Mediocres
siempre se refugian en el hecho inevitable de
la muerte. Se solazan en enunciar que en la tumba, todos somos iguales;
que allí, todos, mujeres, hombres, niños, niñas, viejos: ricos, pobres, sabios
e ignorantes somos iguales y al final, polvo. Ese hecho cierto y evidente, sin
embargo, no tiene aplicación ni sentido en la vida. Las cosas allí son
radicalmente diferentes; tanto que los mismos que se alegran por anticipado al
hecho igualitario en la muerte se quejan desesperadamente en la vida.
El
hecho inevitable de la muerte no inválida de manera alguna las diferencias en
la vida.
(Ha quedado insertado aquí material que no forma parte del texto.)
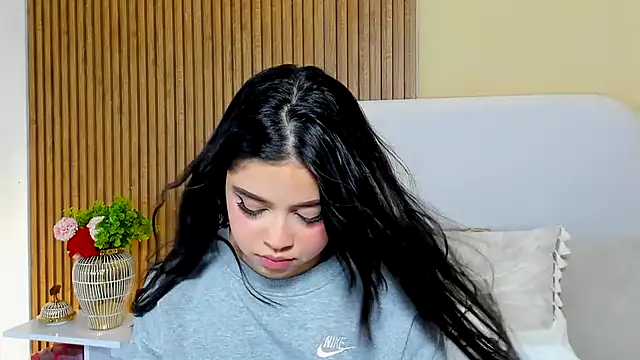 CristalMayson live sex cam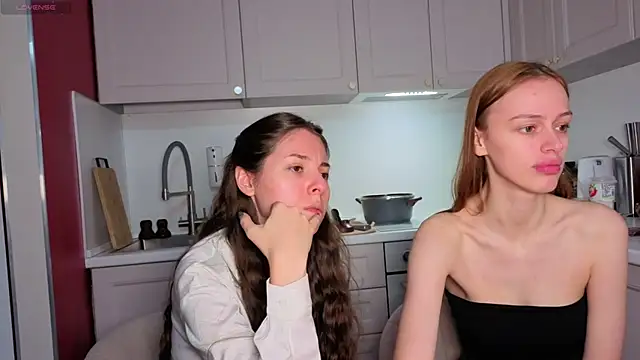 fcjuicy pussy online show from 12, 1, 2026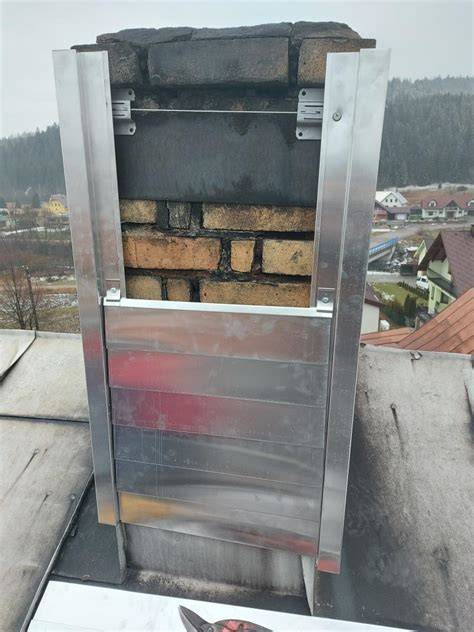 Vzorky rôznych plechových materiálov a farebných prevedení pre oplechovanie komína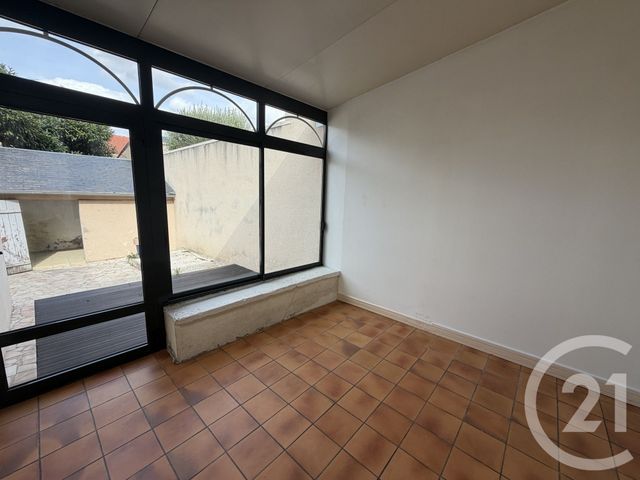 maison à louer - 3 pièces - 91.8 m2 - CHATEAUROUX - 36 - CENTRE - Century 21 Adressimmo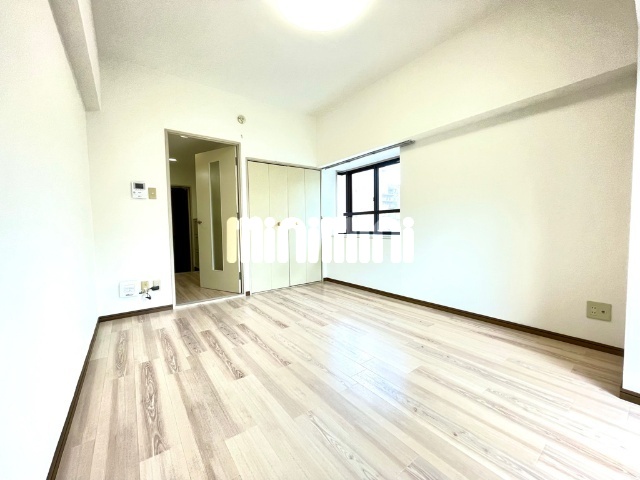 ����7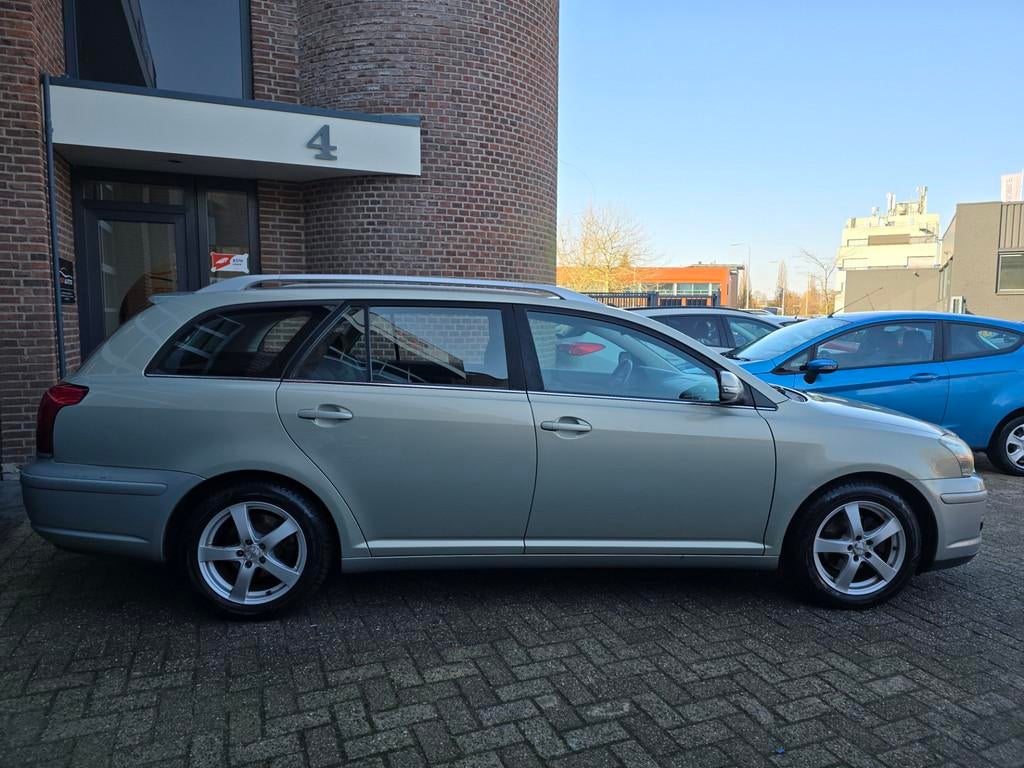 Toyota Avensis Wagon 1.8 VVTi Luna Apk |Clima |Nap, Voorwielaandrijving, 1794 cc, 4 cilinders, Handgeschakeld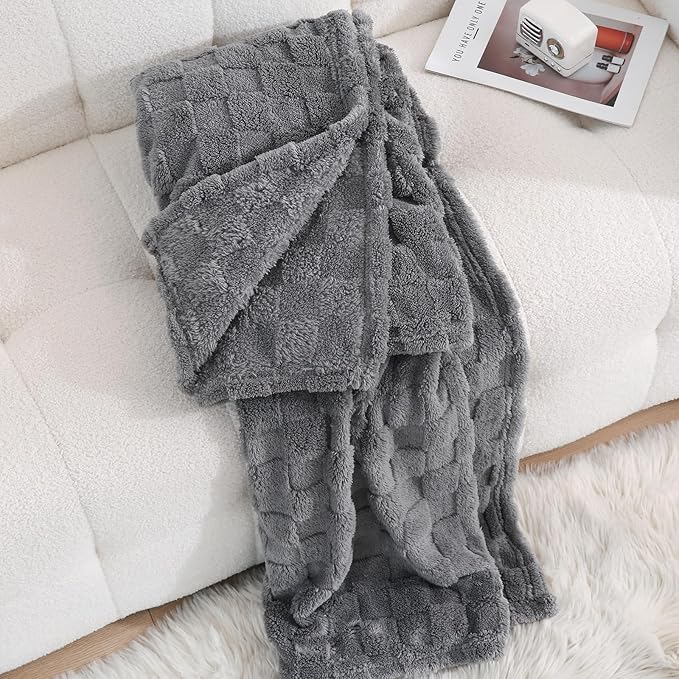Grey Fleece Throw Blanket 60”×80” for Couch Sofa Bed,Super Soft Cozy Plush Microfiber Flannel Blanket with 3D Checkered Design Lightweight for Adults,Woman,Girls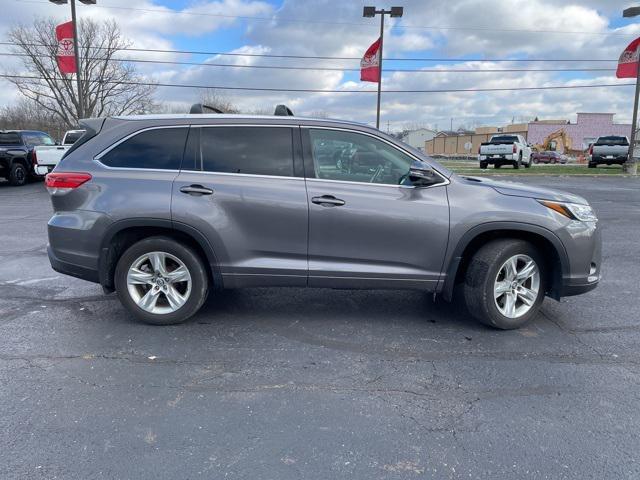 used 2018 Toyota Highlander car, priced at $26,500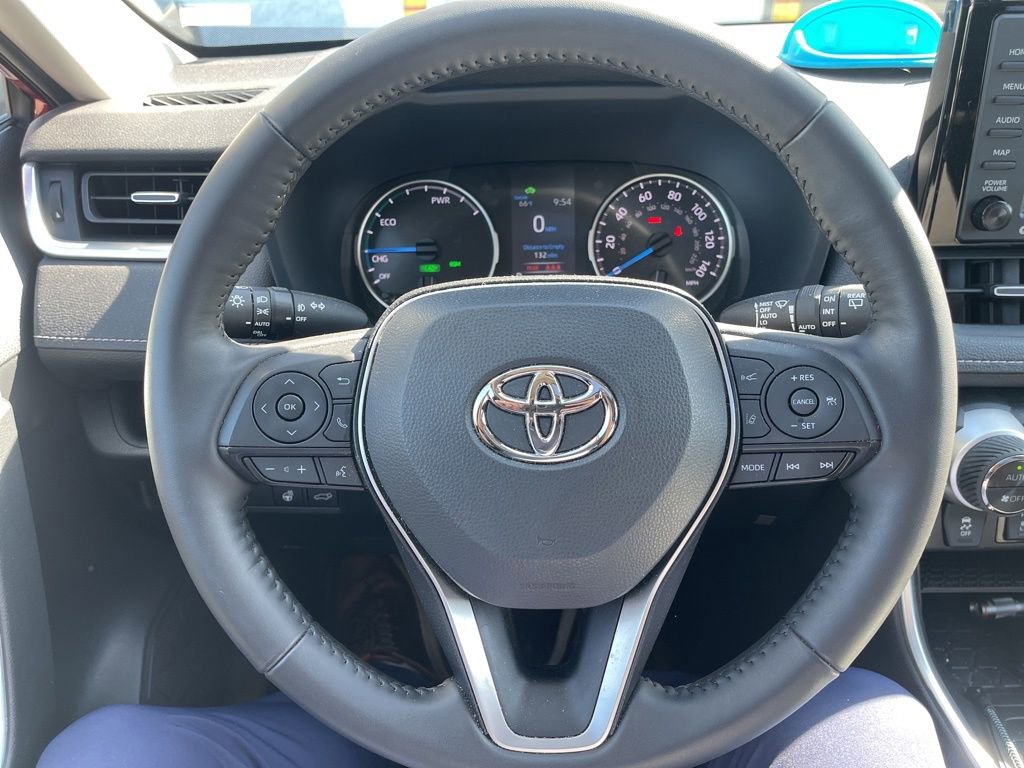 Used 2022 Toyota RAV4 XLE Premium AWD/4WD image 14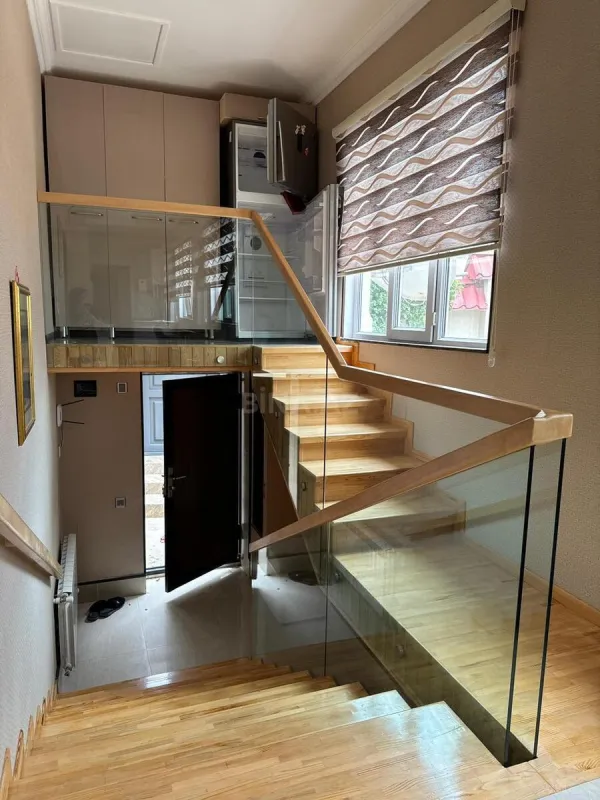 Satılır 4 otaqlı həyət evi 100 m²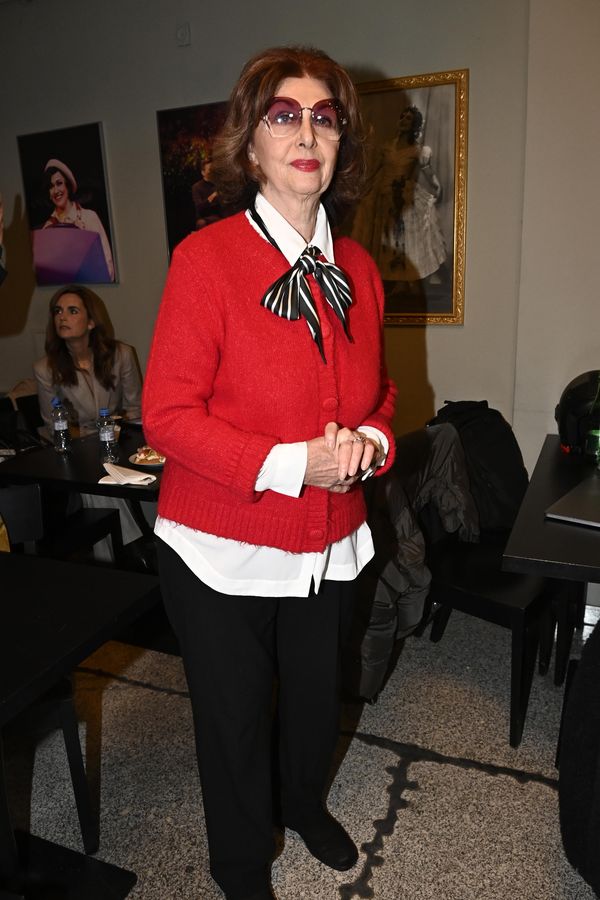 Pár měsíců před osmdesátkou těžký zápal plic! Saskia Burešová skončila v nemocnici. Byla v ohrožení života - fotka 1/1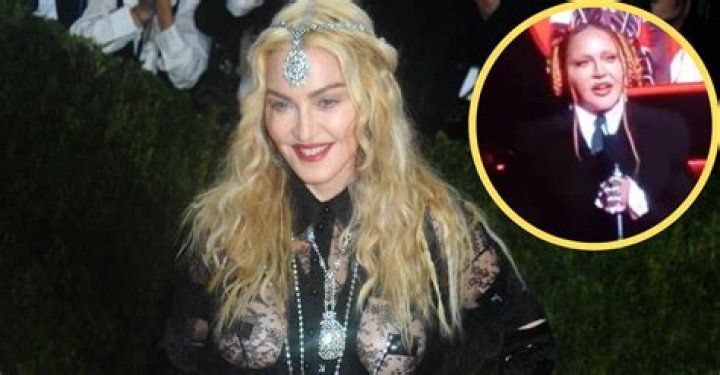 She has stunned fans with over 100 posts on Instagram
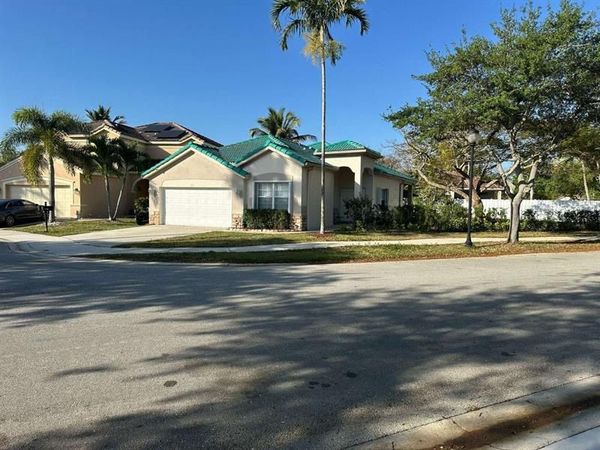 862 Vista Meadows Drive, Weston, FL 33327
Aceptar que la muerte nos llegará a todos por igual no se aplica ni
siquiera en la valoración de una vida elevada por cualquiera de las cuales se
significa, tales como el valor, la belleza, la sabiduría u otras que la
humanidad pondera como buenas que, más allá de la existencia siguen siendo
valoradas positivamente.
Lo
anterior, me recuerda la frase chusca de cierto filosofo que al preguntársele
sobre la vida y la muerte, respondió que son lo mismo; al inquirírsele el por
qué, siendo lo mismo no se moría respondió que no ganaba ni pasaba cosa alguna
ya al ser lo mismo vivir o morir era irrelevante.
Ya
se sabe que se nace sin querer, se muere a contra voluntad pero hay en ese
lapso, entre el nacer y el morir, en donde se vive o por lo menos existe la
posibilidad de vivir bajo la voluntad propia y con la razón como ariete para
volverse singular, es decir, diferente.